Recorded information:
----------

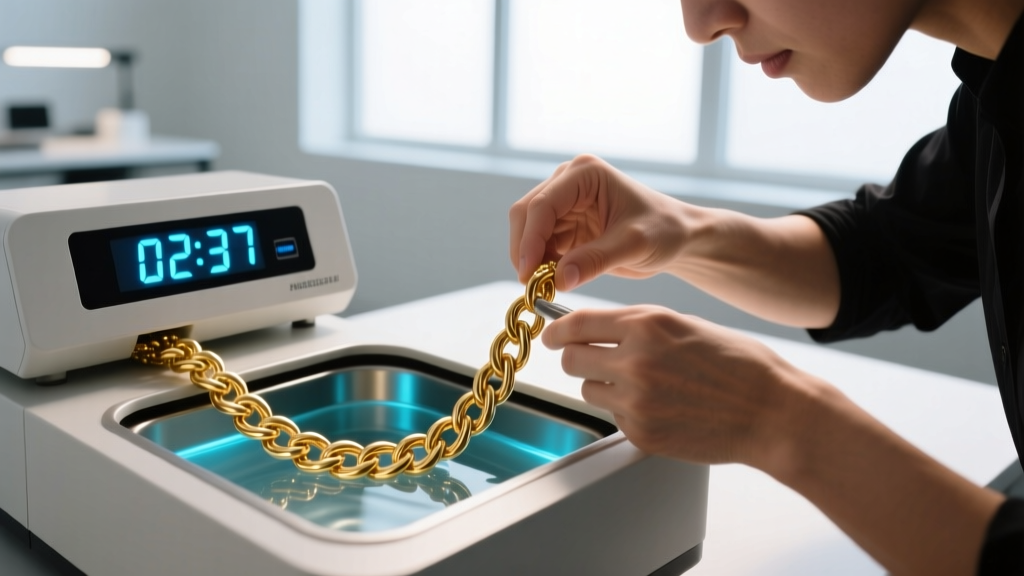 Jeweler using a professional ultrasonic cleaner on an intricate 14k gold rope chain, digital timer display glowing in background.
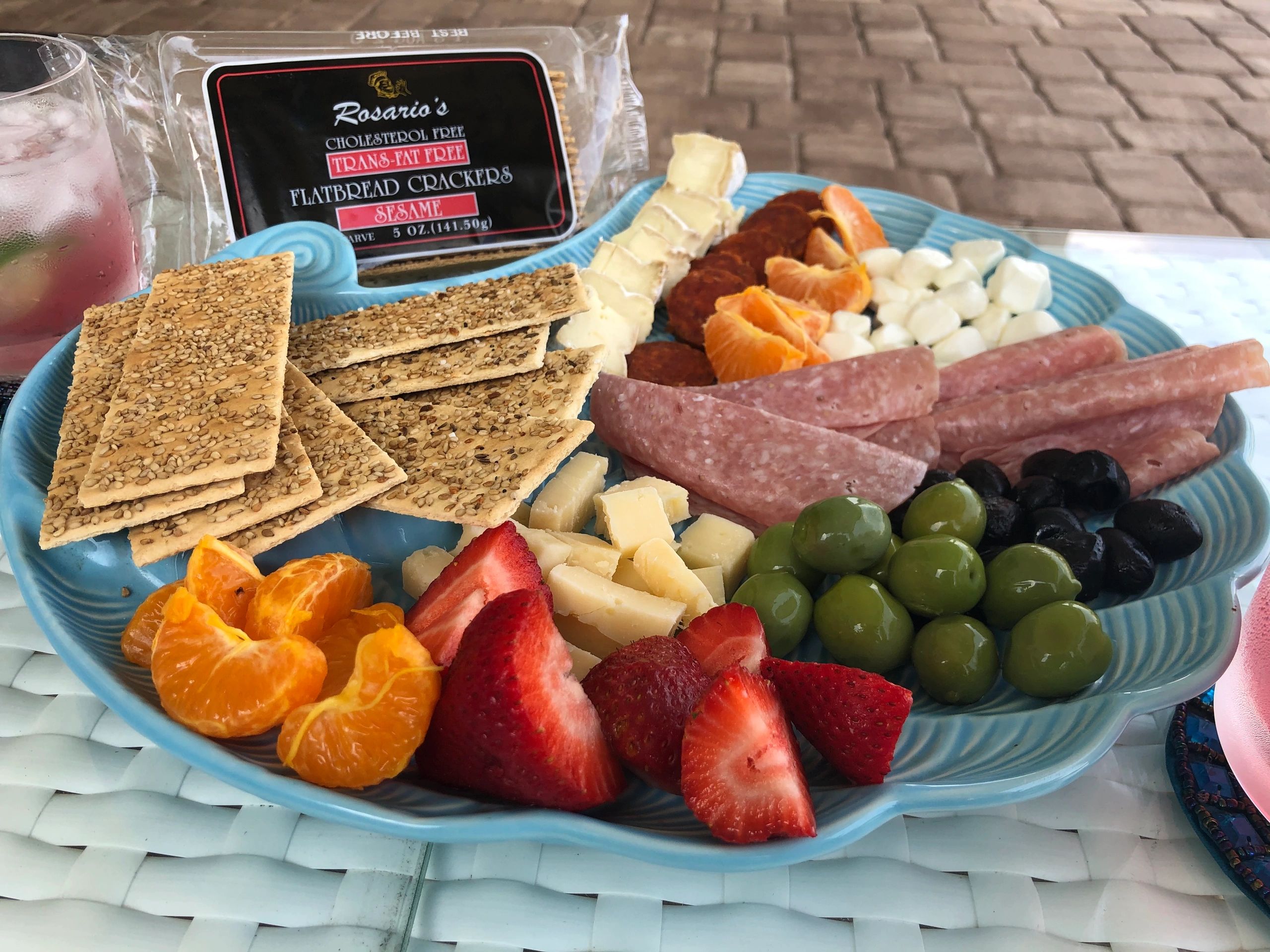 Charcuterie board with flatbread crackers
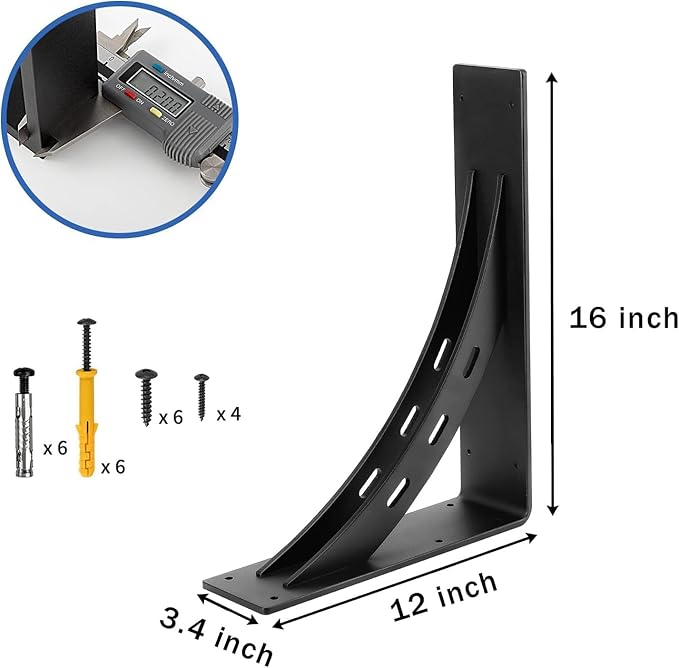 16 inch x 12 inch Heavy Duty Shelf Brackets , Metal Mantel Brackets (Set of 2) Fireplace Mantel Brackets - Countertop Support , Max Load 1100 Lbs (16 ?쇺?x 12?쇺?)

----------

What you have to do:
Exact output of each line above is wanted, without the pictures.

Task solution:
 Jeweler using a professional ultrasonic cleaner on an intricate 14k gold rope chain, digital timer display glowing in background.
 Charcuterie board with flatbread crackers
 16 inch x 12 inch Heavy Duty Shelf Brackets , Metal Mantel Brackets (Set of 2) Fireplace Mantel Brackets - Countertop Support , Max Load 1100 Lbs (16 ?쇺?x 12?쇺?)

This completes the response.